Een positief punt van het postmodernisme is voor de reformatorische psychiater dat het geloof in denkkracht plaatsmaakt voor geloof in verbeeldingskracht. Daardoor kan gemakkelijker over de ziel worden gesproken, al valt het niet mee om die in woorden te vangen. „De ziel heeft iets van een geheim”, benadrukt Meissner. „Het is het kostbare geschenk dat de mens ontvankelijk en gevoelig maakt voor machten die veel groter zijn dan hijzelf, waardoor we soms worden vervuld met diep ontzag, geluk en verwondering. Of schrik. Een tweede aspect is dat de ziel alle facetten van het menselijk bestaan tot een eenheid smeedt. Hij doortrekt alles in ons en stijgt tegelijk boven ons uit. De ziel herinnert ons aan de zin van het bestaan. In het licht van de openbaring: er zijn uit, door en tot God, Die ons formeerde uit stof, de levensadem inblies en ons zo tot Zijn beelddrager maakte. Om Hem op aarde te representeren in onderlinge liefde en liefde en verantwoordelijkheid tot Hem, voorbestemd tot eeuwig leven. Waarbij we niet alleen moeten denken aan de mens als individu, maar ook aan de mensheid als geheel. We lezen dat God man en vrouw schiep.”
Orkest
Om dualisme te voorkomen, houdt Meissner de ziel graag dicht bij de mens als geheel. „God heeft ons tot een menselijke ziel gemaakt. Tegelijk zíjn we niet alleen een ziel, maar hébben we ook een ziel.”

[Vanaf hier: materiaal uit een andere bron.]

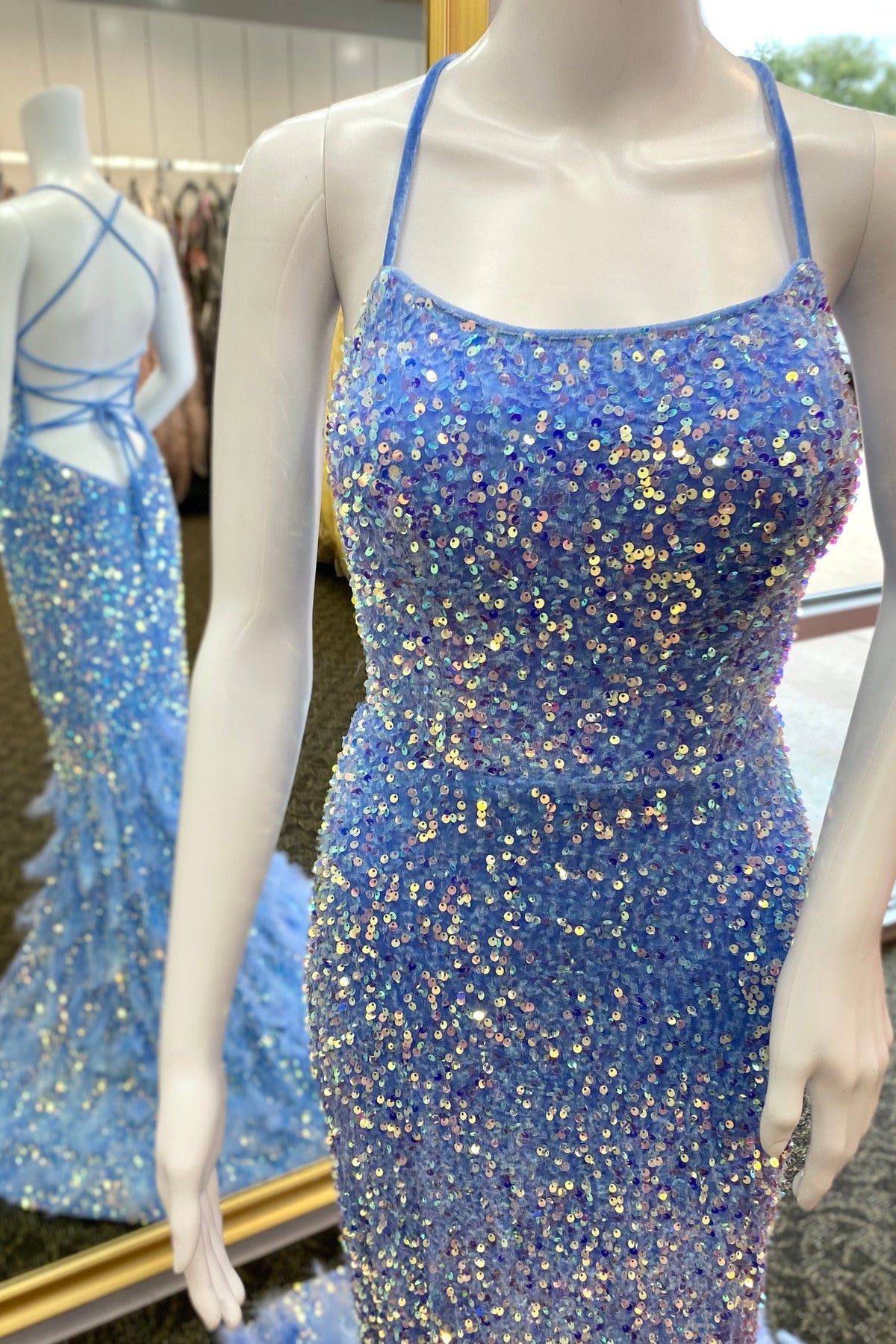 Straps Blue Sequin Mermaid Long Formal Dress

Als hij moet kiezen tussen de mens als twee-eenheid van lichaam en ziel of drie-eenheid van lichaam, ziel en geest, geeft hij de voorkeur aan de laatste optie. „De ziel en de geest zijn voor mij als de concertmeester en de dirigent van een orkest. De concertmeester speelt met de anderen mee, maar zorgt daarnaast voor de samenstelling van het orkest, leidt het stemmen van de instrumenten en is het aanspreekpunt voor de buitenwereld. Daarin is hij beeld van de ziel. De dirigent brengt als de geest de muziek tot leven door alle onderdelen tot één klankgeheel te maken. Beide zijn overigens zo op elkaar betrokken, dat het bijna twee kanten van één medaille zijn. Vandaar dat de begrippen ziel en geest in de Bijbel door elkaar worden gebruikt. De reformatorische wijsbegeerte, die nog meer lagen in de mens onderscheidt, spreekt terecht over vervlechting.”
In navolging van de psychiater Alphonse Maeder, op wie hij promoveerde, probeert Meissner zielkunde en zielszorg te combineren in wat hij pastorale psychiatrie noemt. „In de gangbare psychiatrische en psychologische praktijk speelt de ziel geen rol. Menselijke verschijnselen die niet herleidbaar zijn tot het lichaam, worden vertaald in meetbaar gedrag. Vaak naar analogie van de eigenschappen en wetmatigheden van het meest geavanceerde gereedschap van dat moment. In de tijd van Freud was dat de stoommachine, in onze tijd is het de computer. Vandaar dat uitdrukkingen ontstonden als stoom afblazen en tot ontploffing komen, en moet je nu regelmatig je schijf leegmaken. Die materialisering had tot doel de complete werkelijkheid, inclusief ons mens-zijn, zonder God te verklaren.”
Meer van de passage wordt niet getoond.